**Task**
Please give back word for word the lines of the material below between the line containing "Bảng tên Norton Park tại lối vào dự án" and the line containing "JONRRYIN Barco Teledirigido, 2.4GHz", inclusive.

══ Listed records ══

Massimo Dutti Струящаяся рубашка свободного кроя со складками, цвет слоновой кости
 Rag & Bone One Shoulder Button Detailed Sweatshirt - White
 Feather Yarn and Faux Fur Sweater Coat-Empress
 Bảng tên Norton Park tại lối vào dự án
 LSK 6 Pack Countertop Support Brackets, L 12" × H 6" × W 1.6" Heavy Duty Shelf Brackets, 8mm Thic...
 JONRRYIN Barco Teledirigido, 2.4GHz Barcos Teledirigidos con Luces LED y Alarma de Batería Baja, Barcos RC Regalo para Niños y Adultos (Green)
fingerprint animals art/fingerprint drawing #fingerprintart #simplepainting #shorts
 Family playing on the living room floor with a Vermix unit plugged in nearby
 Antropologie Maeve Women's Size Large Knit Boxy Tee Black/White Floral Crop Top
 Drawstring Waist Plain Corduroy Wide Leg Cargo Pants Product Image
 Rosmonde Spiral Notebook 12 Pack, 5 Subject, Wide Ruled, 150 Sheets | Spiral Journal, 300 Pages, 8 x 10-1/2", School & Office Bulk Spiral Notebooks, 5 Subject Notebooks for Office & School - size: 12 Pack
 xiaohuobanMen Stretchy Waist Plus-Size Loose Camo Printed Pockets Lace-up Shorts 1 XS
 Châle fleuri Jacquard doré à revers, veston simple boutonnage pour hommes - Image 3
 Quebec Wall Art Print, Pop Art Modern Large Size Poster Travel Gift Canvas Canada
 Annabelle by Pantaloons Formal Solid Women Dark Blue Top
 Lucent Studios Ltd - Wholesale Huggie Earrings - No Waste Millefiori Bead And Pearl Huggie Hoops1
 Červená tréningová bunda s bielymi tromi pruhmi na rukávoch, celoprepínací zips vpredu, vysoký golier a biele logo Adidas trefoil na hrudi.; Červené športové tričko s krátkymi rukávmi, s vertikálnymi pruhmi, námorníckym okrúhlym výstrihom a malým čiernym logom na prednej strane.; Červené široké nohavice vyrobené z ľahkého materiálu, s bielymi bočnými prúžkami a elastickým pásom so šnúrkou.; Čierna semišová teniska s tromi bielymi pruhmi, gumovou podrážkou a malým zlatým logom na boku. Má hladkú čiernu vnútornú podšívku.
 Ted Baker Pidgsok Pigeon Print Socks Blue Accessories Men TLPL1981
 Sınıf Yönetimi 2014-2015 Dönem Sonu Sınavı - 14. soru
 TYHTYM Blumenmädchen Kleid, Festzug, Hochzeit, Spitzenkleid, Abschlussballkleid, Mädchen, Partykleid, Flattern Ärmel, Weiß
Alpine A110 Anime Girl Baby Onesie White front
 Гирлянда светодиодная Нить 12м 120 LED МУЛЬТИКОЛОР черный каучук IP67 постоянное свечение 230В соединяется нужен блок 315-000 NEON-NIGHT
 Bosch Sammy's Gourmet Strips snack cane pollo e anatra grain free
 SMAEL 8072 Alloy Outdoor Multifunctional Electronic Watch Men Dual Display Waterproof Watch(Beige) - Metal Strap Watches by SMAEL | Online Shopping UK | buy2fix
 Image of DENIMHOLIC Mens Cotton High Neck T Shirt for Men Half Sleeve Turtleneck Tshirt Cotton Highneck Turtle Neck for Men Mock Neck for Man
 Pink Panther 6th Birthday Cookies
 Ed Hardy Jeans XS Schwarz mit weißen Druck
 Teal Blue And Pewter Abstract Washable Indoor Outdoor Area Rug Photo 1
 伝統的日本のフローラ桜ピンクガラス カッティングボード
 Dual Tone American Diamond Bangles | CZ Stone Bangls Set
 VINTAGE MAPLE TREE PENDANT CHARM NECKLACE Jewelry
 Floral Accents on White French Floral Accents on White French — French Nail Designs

═══

**Solution to the exercise**
 Bảng tên Norton Park tại lối vào dự án
 LSK 6 Pack Countertop Support Brackets, L 12" × H 6" × W 1.6" Heavy Duty Shelf Brackets, 8mm Thic...
 JONRRYIN Barco Teledirigido, 2.4GHz Barcos Teledirigidos con Luces LED y Alarma de Batería Baja, Barcos RC Regalo para Niños y Adultos (Green)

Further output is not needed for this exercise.